The Oakland Unified School District (CA) will work with the University of California Berkeley, Department of History; the University of California History-Social Science Project; the Oakland Museum of California; and the Peralta Hacienda Historic Park to engage 4th, 5th, 8th, and 11th grade teachers (those responsible for teaching American history in California) in intensive, content rich, staff development.

The project aims to increase teachers' knowledge of traditional American history and improve their ability to translate this knowledge into instruction that advances student understanding of American history as measured by state, district, and classroom assessments.

One professional development strand will support the work of elementary teachers (fourth and fifth grades), who teach early American history; a second strand will support the work of secondary teachers. Participating teachers will attend an after-school speaker series, school-year release days, and summer institutes. They will develop an American history "Lesson Study" around each of the project's three yearly themes and an instructional question they choose to research.

The different emphases in each year offer separate slices of American history and, taken as a whole, they will provide participating teachers multiple ways of understanding significant events, individuals, and ideas in American history.

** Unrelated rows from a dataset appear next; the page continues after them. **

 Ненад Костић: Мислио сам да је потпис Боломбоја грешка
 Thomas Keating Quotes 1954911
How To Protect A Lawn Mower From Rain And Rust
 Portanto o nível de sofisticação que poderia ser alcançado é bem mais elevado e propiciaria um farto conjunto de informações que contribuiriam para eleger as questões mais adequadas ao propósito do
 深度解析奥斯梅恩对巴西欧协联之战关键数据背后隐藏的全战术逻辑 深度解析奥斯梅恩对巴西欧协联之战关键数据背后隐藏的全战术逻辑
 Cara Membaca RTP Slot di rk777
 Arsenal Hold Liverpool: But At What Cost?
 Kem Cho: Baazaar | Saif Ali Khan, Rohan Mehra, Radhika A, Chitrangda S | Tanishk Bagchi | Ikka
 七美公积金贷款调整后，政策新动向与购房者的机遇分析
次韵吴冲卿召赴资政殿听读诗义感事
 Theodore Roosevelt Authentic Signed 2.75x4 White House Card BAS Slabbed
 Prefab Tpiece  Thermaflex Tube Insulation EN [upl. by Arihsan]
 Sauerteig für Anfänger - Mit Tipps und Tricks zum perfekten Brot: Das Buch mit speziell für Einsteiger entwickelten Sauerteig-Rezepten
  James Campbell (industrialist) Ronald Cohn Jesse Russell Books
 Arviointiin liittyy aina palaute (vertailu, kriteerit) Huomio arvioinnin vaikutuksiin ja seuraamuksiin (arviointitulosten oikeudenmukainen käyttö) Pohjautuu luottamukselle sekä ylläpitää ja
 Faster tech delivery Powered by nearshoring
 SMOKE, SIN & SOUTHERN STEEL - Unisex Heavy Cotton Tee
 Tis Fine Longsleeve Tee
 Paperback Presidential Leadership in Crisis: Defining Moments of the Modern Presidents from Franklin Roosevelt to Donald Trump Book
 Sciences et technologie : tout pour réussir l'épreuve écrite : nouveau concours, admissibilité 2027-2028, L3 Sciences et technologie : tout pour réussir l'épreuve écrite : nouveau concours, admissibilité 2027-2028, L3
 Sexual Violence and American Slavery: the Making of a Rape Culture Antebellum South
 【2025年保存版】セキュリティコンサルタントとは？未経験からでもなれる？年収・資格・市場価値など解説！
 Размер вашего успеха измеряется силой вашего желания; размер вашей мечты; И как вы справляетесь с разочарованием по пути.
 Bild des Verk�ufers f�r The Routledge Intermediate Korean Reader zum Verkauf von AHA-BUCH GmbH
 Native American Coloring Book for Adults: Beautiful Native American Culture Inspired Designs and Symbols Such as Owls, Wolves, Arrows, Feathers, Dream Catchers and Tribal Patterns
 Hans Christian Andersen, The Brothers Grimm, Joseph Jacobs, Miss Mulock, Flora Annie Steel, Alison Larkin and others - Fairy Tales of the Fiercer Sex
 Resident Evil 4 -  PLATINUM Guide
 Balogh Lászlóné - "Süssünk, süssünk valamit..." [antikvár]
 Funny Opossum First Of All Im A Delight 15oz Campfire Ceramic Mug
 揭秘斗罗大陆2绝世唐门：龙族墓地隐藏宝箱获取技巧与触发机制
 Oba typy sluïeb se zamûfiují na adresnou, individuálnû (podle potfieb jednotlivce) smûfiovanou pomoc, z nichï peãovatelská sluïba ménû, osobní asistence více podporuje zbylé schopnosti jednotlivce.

Year 1 will cover such issues as trade, territorial expansion, and modern trade treaties; Year 2 will cover America's political struggle over democracy, equality, and civil rights and connect it to the history of America's foreign policy; and Year 3 will focus on the nation's stated ideals and will trace how these ideals shaped concrete historical outcomes in foreign affairs. Specific content will focus on the American Revolution, the Civil War, slavery, the Gold Rush, and Transcendentalists.

Along with content, project sessions will be devoted to historical inquiry, historical thinking, and post-talk historiographic discussions.